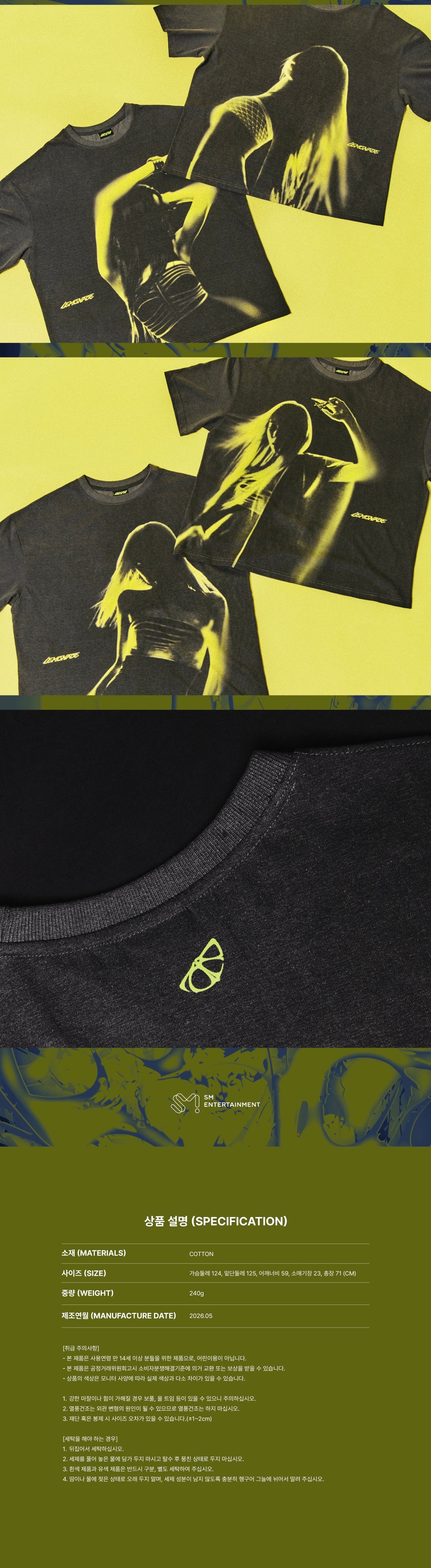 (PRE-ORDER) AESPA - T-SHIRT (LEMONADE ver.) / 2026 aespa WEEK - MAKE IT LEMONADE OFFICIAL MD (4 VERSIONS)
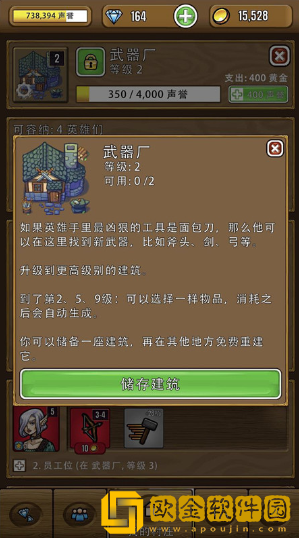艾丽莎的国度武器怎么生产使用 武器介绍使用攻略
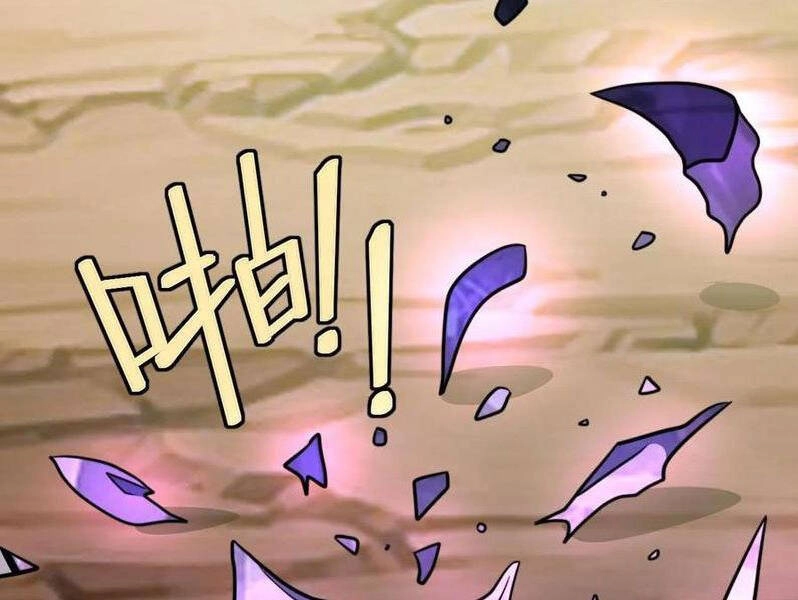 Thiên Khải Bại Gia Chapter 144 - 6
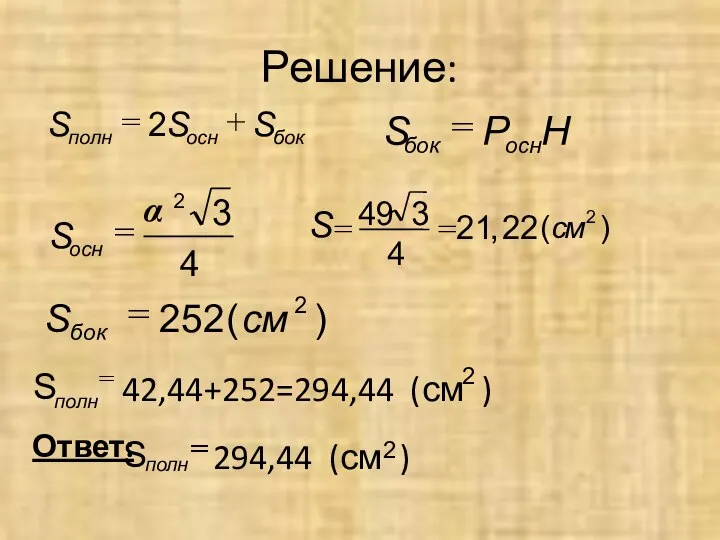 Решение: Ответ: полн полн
****
PROBLEM TO SOLVE:
Your copy should hold only the lines running from the one that contains "Thiên Khải Bại Gia Chapter 144 - 6" through the final line of the data; transcribe them exactly, both ends included, and leave pictures out.

THE ANSWER:
 Thiên Khải Bại Gia Chapter 144 - 6
 Решение: Ответ: полн полн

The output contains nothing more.